Reproduction is important in plants just as it is in animals. In both, when the mature generation is aging, a new generation needs to be growing up to take its place. In many plants, such as wildflowers, trees and shrubs, seeds are produced from fertilized flowers, and they carry the spark of life that will become the new generation, and they are often packaged with the food that will give them a good start.

The seeds of oaks trees are acorns. The acorn is defined in the book, "Plant Identification Terminology" by James G. Harris and Melinda Woolf Harris as," The hard, dry, indehiscent (which means that they do not open at maturity along definite lines) fruit of oaks, with a single large seed and a cup-like base".

According to an excellent book about the use of plants by animals of the U.S., "American Wildlife and Plants, A Guide to Wildlife Food Habits" by Alexander C. Martin, H. S. Zim and A. L. Nelson, "Oak trees are of major importance to both man and wildlife, and acorns are at a position at, or very near the top of the wildlife food list. Acorns provide a good and abundantly available staple - the staff of life for many wildlife species. The acorns of the white oak species are more palatable to wildlife just as they were preferred by the Indians and early settlers." The red oaks are much higher in tannins which makes their acorns bitter.

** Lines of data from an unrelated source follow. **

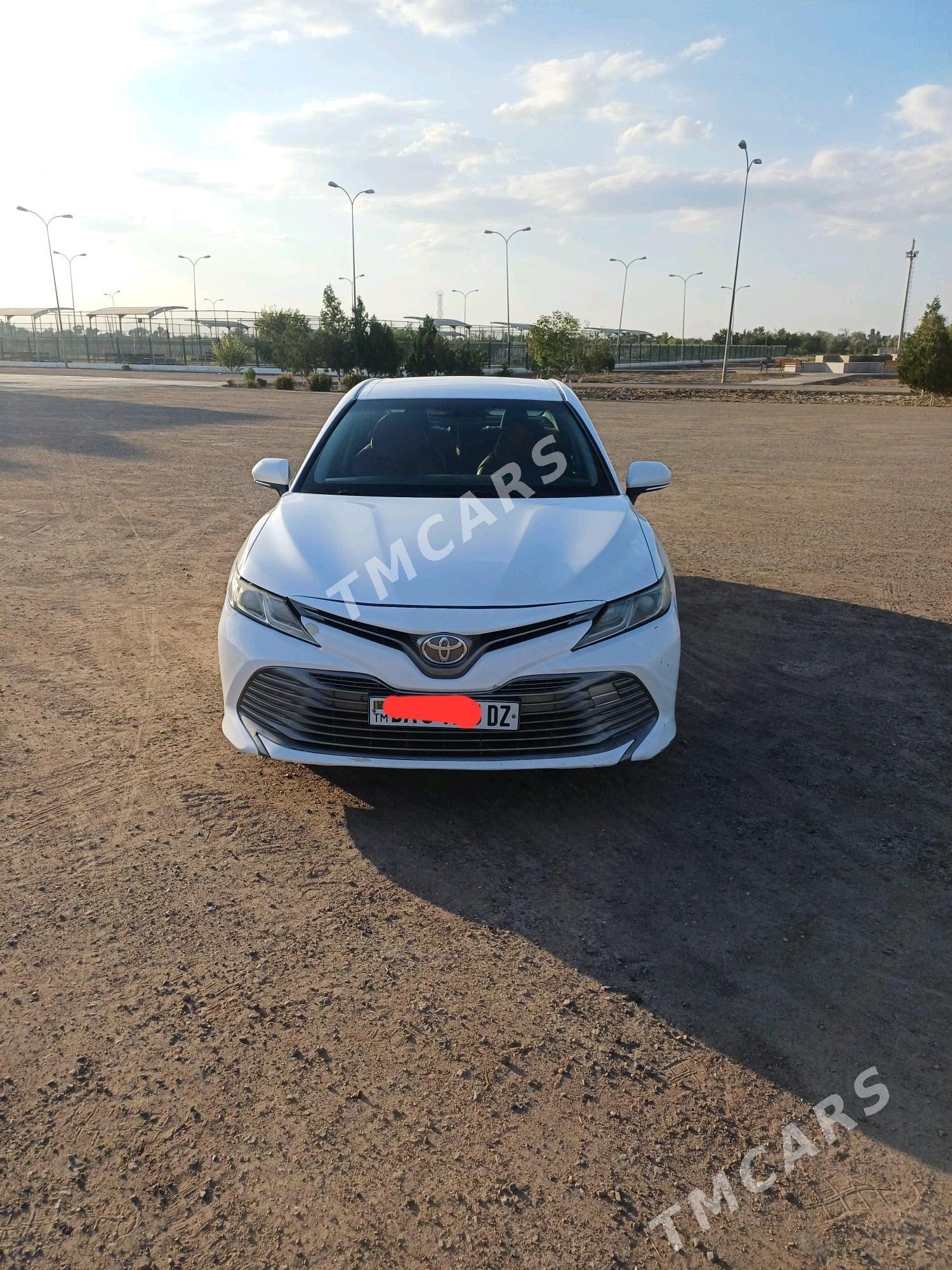 Toyota Camry 2018 - 230 000 TMT - Daşoguz - img 7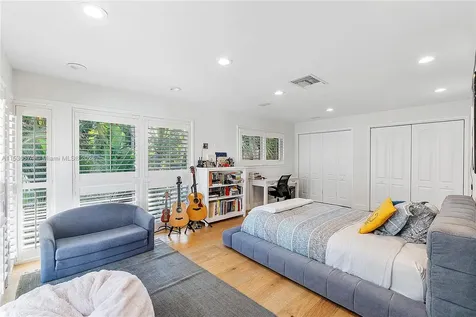7125 W Lago Drive Coral Gables FL 33143
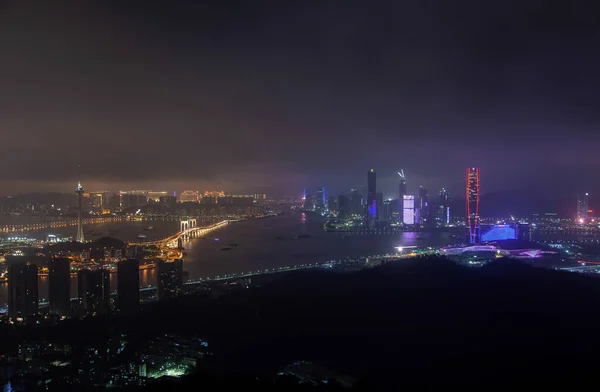 Großer Fluss trennt Macau und Zhuhai in China — Stockfoto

I don't know where this illustration of different seeds types "Common Types of Fruits and Seeds" came from, but we have used it for years with students and at workshops. The acorn is in the upper left-hand corner. (If you know the origin of this illustration , please let me know so I can give the author and/or artist credit.)

Bur Oak has very large acorns (Quercus macrocarpa) ["macro" = large "carpo" = Greek for fruit] and the Bur Oak tree's acorns are the largest we have at the ranch. This one is over an inch wide and if you count the cup which is deep and fringed with course hairs in the measure it is almost 2 inches wide . The leaves of the Bur Oak can be up to a foot long. The leaves in this picture were 6 to 9 inches long.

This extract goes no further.